Pembebasan yang Yesus
inginkan bersifat menyeluruh (individual dan struktural) tetapi belum
sepenuhnya terlaksana. Pembebasan penuh akan terjadi di kedatangan Yesus ke dua
(Kis. 1:7). Apakah Yesus menginginkan kesejateraan ekonomi, politik, kesejahteraan
jasmani, dsb.? Ya, Dia ingin. Tugas manusia sekarang adalah menjadi saksinya sampai
ke ujung bumi (Kis. 1:8). Saksi kepada manusia yang terjerat dosa.
Lalu bagaimana dengan
tatanan masyarakat saat ini?

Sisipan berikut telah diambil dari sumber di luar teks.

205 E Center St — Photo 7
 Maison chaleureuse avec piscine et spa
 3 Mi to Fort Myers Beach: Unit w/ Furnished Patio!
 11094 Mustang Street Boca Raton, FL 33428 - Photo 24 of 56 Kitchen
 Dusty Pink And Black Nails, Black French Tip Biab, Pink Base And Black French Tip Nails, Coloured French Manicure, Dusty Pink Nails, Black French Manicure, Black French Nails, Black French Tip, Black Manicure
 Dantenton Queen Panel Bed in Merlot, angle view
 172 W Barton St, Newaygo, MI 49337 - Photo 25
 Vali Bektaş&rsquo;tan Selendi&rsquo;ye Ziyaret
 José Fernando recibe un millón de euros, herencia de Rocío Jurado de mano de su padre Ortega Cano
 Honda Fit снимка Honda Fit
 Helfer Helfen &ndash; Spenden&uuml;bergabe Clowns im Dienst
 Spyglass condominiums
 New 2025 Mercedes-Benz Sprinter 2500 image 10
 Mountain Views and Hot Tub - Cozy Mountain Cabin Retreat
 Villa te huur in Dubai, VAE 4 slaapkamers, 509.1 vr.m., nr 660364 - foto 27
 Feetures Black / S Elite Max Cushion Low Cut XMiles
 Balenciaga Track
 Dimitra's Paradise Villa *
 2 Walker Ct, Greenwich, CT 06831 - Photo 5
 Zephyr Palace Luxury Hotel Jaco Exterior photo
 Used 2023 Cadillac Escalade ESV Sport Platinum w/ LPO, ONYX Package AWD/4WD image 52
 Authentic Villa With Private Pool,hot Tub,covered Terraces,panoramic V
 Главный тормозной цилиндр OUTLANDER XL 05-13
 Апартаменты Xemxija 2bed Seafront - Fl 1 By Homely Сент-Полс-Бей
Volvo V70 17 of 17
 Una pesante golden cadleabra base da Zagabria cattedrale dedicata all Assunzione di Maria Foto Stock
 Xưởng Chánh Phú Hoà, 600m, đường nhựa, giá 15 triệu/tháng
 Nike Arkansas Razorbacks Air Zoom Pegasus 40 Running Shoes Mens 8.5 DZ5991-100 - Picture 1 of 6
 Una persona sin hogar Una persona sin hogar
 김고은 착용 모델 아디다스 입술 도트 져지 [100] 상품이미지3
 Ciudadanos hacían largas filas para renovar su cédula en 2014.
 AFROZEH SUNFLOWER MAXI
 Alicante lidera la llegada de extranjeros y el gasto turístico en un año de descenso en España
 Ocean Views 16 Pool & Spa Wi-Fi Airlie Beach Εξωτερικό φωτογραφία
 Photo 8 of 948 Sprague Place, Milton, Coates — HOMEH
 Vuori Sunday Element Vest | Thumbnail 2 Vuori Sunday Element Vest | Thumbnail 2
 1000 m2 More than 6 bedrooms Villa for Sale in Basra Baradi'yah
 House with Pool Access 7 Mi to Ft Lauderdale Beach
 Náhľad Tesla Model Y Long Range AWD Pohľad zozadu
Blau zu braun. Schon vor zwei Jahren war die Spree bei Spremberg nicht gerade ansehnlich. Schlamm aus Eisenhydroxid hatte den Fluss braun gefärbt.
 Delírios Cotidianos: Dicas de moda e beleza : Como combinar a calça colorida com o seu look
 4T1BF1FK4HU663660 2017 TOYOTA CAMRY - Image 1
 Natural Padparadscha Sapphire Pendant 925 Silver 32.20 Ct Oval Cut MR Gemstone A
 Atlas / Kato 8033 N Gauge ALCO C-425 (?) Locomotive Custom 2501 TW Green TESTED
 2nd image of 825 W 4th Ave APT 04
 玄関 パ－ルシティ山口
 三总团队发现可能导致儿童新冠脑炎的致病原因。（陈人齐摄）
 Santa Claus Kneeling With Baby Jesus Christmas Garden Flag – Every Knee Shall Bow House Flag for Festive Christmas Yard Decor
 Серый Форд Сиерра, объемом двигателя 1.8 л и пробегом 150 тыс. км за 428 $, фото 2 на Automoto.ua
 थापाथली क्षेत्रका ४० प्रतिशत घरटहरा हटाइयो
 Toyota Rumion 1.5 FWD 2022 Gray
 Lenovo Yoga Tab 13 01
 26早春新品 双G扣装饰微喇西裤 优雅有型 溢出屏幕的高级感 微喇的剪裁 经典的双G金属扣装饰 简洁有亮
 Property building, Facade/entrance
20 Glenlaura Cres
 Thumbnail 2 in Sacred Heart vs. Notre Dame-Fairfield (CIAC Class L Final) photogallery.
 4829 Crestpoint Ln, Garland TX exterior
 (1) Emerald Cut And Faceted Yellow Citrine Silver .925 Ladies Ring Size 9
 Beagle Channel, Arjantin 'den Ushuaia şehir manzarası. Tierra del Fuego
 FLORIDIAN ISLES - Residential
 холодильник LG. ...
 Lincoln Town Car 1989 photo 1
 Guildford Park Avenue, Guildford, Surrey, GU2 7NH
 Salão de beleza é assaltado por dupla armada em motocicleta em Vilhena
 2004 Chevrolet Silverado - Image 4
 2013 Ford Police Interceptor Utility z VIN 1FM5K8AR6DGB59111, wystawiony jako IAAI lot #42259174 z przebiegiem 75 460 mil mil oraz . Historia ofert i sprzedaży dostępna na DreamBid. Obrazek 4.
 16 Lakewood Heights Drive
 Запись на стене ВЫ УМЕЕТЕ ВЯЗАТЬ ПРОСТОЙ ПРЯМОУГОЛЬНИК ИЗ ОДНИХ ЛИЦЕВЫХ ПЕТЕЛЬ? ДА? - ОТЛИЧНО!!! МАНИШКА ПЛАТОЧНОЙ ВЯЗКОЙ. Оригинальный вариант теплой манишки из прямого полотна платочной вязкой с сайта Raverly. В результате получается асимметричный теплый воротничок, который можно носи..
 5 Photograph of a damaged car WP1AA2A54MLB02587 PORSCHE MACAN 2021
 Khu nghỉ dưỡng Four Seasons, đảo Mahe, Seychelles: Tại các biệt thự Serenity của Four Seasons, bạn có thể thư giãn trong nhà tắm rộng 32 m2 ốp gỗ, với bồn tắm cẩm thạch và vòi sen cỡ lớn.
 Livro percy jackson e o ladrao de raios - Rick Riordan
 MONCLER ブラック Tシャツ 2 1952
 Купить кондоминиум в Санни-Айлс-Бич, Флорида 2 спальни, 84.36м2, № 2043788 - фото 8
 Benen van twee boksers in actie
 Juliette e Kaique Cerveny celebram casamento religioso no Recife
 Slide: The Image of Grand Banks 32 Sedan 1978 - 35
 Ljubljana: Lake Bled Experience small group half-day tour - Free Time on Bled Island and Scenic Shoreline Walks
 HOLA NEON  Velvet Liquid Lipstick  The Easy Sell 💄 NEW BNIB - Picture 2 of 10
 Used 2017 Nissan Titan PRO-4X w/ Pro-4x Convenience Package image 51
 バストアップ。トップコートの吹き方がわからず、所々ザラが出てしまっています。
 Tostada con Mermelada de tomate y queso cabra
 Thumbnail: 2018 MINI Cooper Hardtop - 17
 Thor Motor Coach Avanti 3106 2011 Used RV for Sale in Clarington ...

Apakah kesaksian juga perlu sampai ke tahap itu?
tentunya perlu, jika tatanan masyarakat tersebut tidak adil, hanya untuk
kepentingan segelintir orang.
Konteks Masyarakat Kita
Indonesia mengalami
kemajuan dalam kesenjangan ekonomi. 1% orang Indonesia hampir menguasai 50%
kekayaan negara. Ketidakadilan sosial terpampang jelas di wajah kita. Keadilan
sosial yang tertera dalam Pancasila sekadar hiasan.
Banyak orang-orang
menderita akibat tatanan yang tidak adil. Ketidakadilan tersebut tidak hanya
ekonomi namun sejalan dengan politik. Orang-orang kayalah yang menguasai
demokrasi Indonesia. tidak perlu referensi dan analisa ketat untuk
mengetahuinya.
Dosa tentunya telah
mengakar secara struktural. Pemulihan ekonomi-politik pun juga Allah inginkan.
Membebaskan orang yang menderita akibat diusir dari tanahnya, direbut
hak-haknya, digusur dari rumahnya, direnggut nyawanya merupakan maksud Yesus
datang ke dunia. Entah bagaimanapun solusinya namun pengabaian terhadap hal ini
juga merupakan pengabaian pesan natal itu sendiri.